Recept (gebaseerd) uit het boek: Kookschool Patisserie
Voor het briochedeeg
- 20 g verse gist
- 400 g bloem
- 10 g zout
- 40 g suiker
- 250 g ei (circa 5 eieren)
- 200 g goede koude boter
- Verkruimel de gist in de kom van de keukenmachine.
- Voeg dan bloem, zout, suiker en eieren toe.
- Zet de machine aan met de deeghaak op ¼ van het vermogen.
- Laat draaien tot het deeg van de wand loskomt.
- Voeg de blokjes boter geleidelijk toe.
- Doe het deeg in een kom en dek af met een keukendoek of plasticfolie.
- Laat 2 uur rusten in de koelkast.
Afwerking
- 60 g bruine suiker
- 30 g slagroom (30% vet)
- 1 eierdooier
- 60 g boter (in blokjes)
- Neem 225 g van het deeg en sla het door (het deeg krachtig kneden om het koolzuurgas eruit te duwen).
- Bekleed een taartvorm met bakpapier.
- Druk het deeg met je handpalm plat zodat het heel de bodem bedekt.
- Laat het deeg rijzen in een oven van 35°C in ca. 2 uur.
- Verwarm de oven voor op 180°C.
- Prik het deeg in met een vork om de 3 centimeter.
- Bestrooi met de suiker.
- Klop de eierdooier door de room en giet over het deeg.
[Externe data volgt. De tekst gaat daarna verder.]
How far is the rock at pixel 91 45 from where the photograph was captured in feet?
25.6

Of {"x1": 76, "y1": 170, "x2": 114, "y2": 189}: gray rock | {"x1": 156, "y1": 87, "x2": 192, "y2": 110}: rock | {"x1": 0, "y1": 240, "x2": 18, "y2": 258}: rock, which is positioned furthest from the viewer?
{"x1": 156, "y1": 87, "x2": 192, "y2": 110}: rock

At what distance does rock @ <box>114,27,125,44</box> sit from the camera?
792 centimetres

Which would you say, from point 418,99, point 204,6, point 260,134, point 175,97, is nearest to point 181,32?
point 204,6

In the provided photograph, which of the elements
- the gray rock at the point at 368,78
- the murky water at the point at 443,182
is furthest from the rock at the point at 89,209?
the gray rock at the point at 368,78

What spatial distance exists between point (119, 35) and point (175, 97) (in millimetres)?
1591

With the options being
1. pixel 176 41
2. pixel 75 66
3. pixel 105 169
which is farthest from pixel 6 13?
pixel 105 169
- Verdeel er de boter over.
- Bak de taart af in ca. 20 à 30 minuten.
- Laat afkoelen en haal uit de vorm.
Met de overschot van het deeg heb ik een briochebrood gebakken. Hoe begin je hieraan?
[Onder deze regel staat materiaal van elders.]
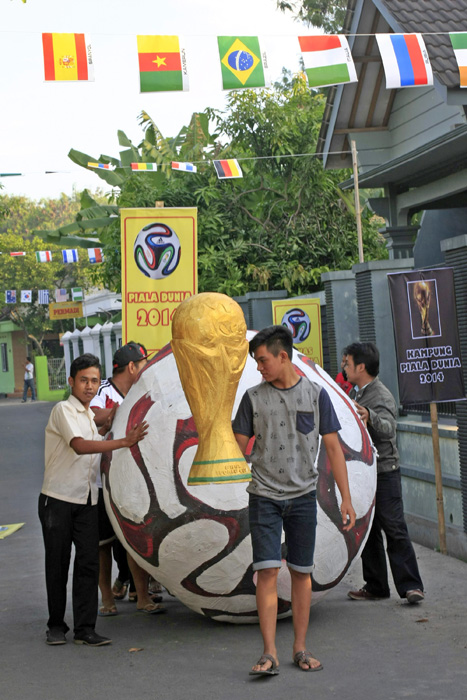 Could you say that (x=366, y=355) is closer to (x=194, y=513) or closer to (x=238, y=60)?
(x=194, y=513)

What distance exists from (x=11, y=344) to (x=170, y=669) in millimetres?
47123

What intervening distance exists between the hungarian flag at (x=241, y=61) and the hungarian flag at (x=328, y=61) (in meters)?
0.52

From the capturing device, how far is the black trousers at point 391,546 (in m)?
6.57

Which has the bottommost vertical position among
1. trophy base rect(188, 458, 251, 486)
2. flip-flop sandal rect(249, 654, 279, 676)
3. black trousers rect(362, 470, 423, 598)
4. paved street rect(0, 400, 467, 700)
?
paved street rect(0, 400, 467, 700)

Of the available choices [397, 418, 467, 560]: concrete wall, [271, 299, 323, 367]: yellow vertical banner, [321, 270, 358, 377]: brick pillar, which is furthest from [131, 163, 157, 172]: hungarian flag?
[397, 418, 467, 560]: concrete wall

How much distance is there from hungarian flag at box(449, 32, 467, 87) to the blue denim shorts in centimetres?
732

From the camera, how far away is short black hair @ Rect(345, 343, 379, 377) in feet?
22.1

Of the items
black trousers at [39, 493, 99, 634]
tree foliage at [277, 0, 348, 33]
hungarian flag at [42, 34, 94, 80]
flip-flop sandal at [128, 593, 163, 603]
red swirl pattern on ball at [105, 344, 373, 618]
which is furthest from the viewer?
tree foliage at [277, 0, 348, 33]

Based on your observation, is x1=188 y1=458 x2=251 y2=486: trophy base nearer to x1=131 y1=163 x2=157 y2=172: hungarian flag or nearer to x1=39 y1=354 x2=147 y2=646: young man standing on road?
x1=39 y1=354 x2=147 y2=646: young man standing on road

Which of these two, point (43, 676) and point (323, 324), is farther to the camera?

Vorm een broodje van het deeg. Neem een broodbakvorm en bekleed met bakpapier. Verwarm de oven op 35°C. Schik het deeg in de broodbakvorm. Laat rijzen in een oven van 35°C gedurende ca. 2 uur. Neem het deeg uit de oven. Bestrijk met eigeel en bestrooi met decoratiesuiker. Bak af in een oven van 180°C in ca. 30 minuten. Laat afkoelen en neem uit de vorm.